Ao meio de muito haxixe, álcool, violência e escândalos, Rimbaud também chocava a sociedade com a sua homossexualidade. E, quando encerra a obra citada, o escritor se afasta da literatura por quase dez anos, entrando numa espécie de exílio voluntário, deixando o Ocidente ao partir para uma vida no deserto da Etiópia e do Egito.

Finalizado em 1875, tal livro é composto por pequenos textos (prosas, em sua maioria), parecendo desprovido de tema, tamanha a liberdade com a qual o poeta o concebera. Talvez por esse motivo o escritor tenha denominado os anos nos quais escrevera Illuminations como um período de “desregramento de todo o sentido”.

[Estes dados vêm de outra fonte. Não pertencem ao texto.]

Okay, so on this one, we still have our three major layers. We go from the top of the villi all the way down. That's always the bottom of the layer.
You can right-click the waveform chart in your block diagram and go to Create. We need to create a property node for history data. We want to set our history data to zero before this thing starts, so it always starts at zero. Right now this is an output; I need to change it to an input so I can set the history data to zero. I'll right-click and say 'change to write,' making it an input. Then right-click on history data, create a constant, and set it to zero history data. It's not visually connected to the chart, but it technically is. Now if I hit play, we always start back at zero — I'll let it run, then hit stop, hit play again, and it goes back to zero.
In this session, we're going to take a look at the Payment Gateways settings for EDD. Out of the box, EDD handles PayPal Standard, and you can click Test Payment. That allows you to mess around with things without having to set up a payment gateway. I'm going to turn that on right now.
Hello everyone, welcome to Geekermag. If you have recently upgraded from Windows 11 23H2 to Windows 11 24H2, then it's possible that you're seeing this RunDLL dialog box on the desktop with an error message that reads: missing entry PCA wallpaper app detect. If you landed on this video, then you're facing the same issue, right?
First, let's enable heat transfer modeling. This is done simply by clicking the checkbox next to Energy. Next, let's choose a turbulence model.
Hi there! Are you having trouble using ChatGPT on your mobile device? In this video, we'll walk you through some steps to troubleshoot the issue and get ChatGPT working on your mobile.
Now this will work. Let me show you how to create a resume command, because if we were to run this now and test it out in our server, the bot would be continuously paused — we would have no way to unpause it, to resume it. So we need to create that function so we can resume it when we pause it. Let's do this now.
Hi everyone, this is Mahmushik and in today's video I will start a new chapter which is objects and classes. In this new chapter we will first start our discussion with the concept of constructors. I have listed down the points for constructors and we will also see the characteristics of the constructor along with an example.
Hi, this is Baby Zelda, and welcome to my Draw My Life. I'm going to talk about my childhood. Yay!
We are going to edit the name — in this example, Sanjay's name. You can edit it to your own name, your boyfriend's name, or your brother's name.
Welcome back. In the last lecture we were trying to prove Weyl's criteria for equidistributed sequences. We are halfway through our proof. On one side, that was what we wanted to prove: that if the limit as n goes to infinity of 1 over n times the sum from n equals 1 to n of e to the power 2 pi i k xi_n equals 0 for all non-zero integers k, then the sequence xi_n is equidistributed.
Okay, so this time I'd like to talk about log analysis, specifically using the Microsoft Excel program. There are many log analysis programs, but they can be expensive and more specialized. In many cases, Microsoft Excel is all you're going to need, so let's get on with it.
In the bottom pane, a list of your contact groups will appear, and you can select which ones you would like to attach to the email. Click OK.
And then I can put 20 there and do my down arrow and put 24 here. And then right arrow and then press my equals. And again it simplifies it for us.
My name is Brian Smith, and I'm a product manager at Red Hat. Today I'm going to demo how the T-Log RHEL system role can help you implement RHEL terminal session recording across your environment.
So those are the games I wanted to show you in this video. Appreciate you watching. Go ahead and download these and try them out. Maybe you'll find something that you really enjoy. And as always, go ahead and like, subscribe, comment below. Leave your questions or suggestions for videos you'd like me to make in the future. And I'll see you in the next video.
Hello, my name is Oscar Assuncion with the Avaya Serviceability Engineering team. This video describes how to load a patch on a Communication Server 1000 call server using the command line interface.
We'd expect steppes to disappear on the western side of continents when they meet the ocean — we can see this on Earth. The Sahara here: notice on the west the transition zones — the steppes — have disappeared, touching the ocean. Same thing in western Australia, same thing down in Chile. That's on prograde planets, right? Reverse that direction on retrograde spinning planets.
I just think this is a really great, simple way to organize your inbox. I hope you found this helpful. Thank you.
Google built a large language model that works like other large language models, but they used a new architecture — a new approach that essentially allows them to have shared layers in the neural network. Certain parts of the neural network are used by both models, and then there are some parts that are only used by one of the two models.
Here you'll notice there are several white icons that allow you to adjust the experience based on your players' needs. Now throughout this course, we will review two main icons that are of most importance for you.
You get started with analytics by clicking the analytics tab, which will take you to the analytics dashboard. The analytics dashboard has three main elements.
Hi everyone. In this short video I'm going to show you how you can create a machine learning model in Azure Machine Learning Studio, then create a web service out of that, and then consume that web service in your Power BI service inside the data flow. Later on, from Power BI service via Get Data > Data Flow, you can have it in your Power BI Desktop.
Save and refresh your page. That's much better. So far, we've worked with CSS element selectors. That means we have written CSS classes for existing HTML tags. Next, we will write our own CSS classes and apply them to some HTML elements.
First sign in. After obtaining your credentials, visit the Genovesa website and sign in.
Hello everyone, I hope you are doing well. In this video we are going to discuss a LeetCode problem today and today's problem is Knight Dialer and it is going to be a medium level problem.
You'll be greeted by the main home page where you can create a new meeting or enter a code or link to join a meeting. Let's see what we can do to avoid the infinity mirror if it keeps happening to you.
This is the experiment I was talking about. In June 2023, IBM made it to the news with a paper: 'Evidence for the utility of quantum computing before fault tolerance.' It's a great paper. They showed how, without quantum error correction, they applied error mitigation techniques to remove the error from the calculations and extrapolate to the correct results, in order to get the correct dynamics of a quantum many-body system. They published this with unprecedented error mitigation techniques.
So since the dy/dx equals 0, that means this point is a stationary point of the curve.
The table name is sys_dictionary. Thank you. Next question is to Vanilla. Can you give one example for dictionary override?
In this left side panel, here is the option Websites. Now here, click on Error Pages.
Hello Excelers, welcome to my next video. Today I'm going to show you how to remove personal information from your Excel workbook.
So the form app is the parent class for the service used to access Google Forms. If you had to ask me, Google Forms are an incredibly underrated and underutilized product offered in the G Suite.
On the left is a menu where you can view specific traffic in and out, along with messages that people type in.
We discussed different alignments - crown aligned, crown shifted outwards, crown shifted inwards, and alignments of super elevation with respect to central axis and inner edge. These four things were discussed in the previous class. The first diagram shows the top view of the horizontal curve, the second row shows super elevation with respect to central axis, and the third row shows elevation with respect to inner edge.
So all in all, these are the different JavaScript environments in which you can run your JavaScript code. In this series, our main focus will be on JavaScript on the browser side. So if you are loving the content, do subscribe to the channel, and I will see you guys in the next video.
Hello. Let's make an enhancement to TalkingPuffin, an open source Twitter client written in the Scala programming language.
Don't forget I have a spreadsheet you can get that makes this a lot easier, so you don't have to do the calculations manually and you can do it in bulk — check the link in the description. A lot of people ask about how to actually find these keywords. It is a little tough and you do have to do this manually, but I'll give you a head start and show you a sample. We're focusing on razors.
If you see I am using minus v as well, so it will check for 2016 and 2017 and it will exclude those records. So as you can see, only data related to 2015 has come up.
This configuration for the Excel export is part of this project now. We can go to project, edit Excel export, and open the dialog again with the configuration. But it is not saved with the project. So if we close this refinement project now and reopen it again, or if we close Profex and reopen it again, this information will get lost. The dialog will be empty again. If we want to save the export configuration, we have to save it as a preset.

Jean-Michel Espitallier considera Illuminations como a primeira compilação de videoclips da história, “rodada” vinte anos antes do nascimento do cinema e um século antes dos primeiros clips televisuais. Considerados por tal crítico como “prosas rasgadas”, tais textos parecem surgir de uma urgência furiosa de Rimbaud em reproduzir com palavras as cenas do mundo que o capturavam, registradas em seus versos tal como se a escrita jorrasse dos olhos fotográficos de um jovem homem apressado. Esse caráter faz que Jean-Michel Espitallier considere o seu “modelo de poema em prosa” como tendo sido o pioneiro – o verdadeiro pioneiro”, “inventado” quarenta anos antes do que se estima ter nascido com Bertrand, tendo influenciado, enfim, muitos dos grandes poetas do século dezenove, dentre os quais, Baudelaire.

Em Rimbaud a prosa não visa à narrativa. O enredo, este se precipita sobre zonas visuais, consideradas pelo próprio Rimbaud como “fotografias do tempo passado” – como a grafia de um instante tão infinitamente fugaz que a escrita dele suscitada é simplesmente a memória de um átimo que não se deixa apreender.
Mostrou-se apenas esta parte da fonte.